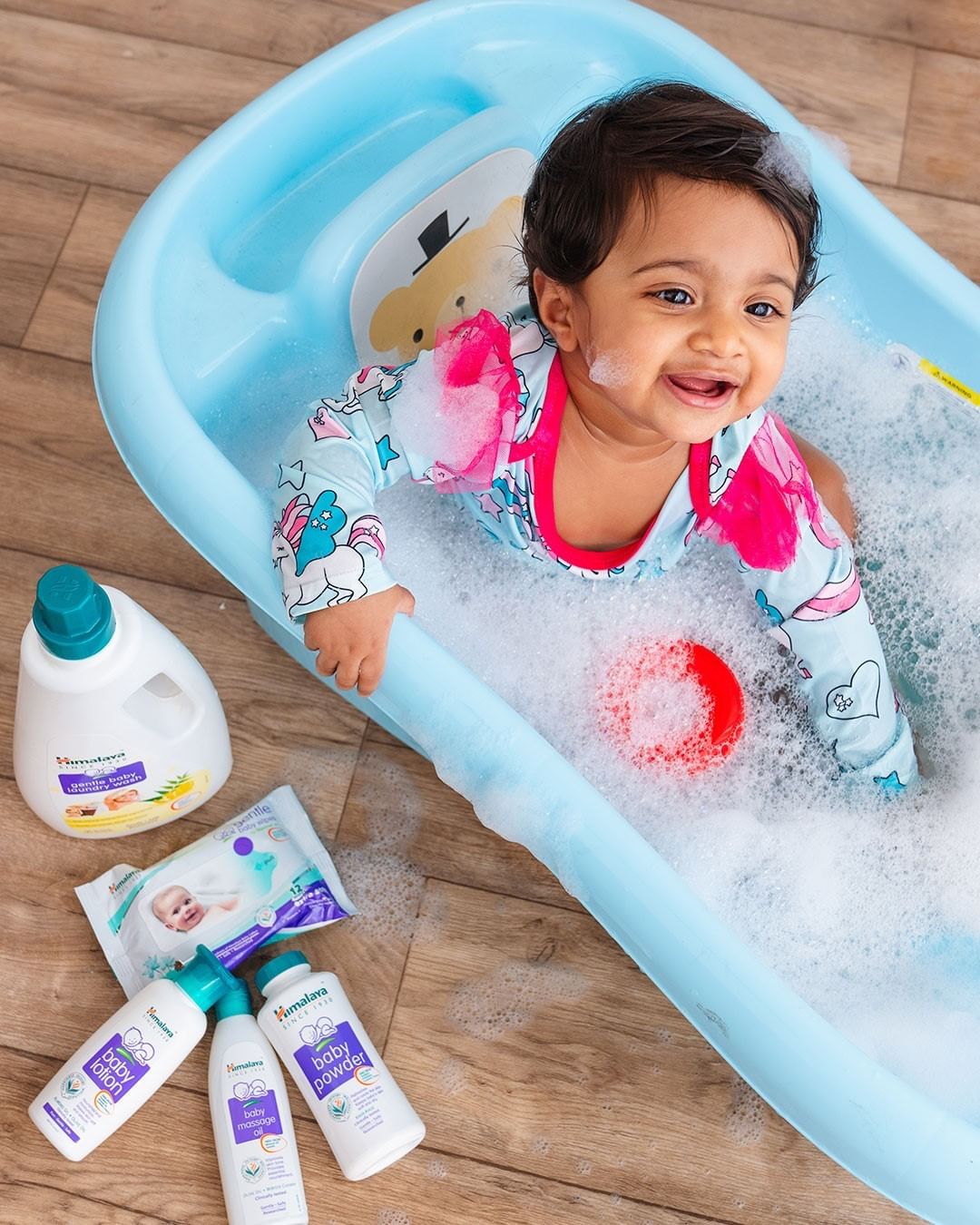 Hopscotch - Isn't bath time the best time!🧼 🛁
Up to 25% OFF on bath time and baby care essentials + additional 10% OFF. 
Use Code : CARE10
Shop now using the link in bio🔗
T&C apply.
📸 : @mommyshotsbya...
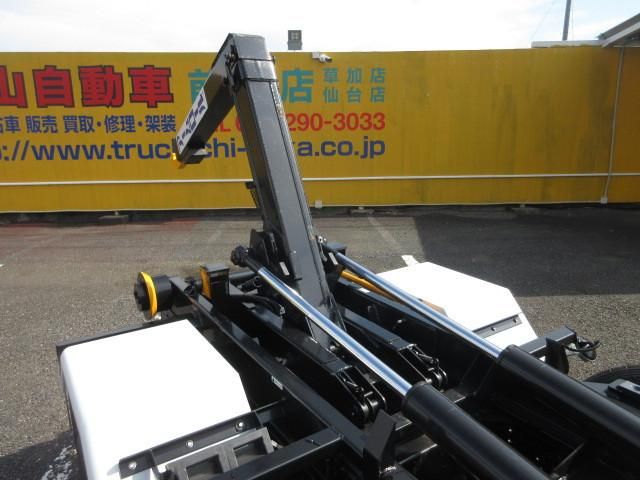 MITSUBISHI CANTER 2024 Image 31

-- Exercise --
Hand back the records above exactly, leaving out every picture.

-- Exercise solution --
 Hopscotch - Isn't bath time the best time!🧼 🛁
Up to 25% OFF on bath time and baby care essentials + additional 10% OFF. 
Use Code : CARE10
Shop now using the link in bio🔗
T&C apply.
📸 : @mommyshotsbya...
 MITSUBISHI CANTER 2024 Image 31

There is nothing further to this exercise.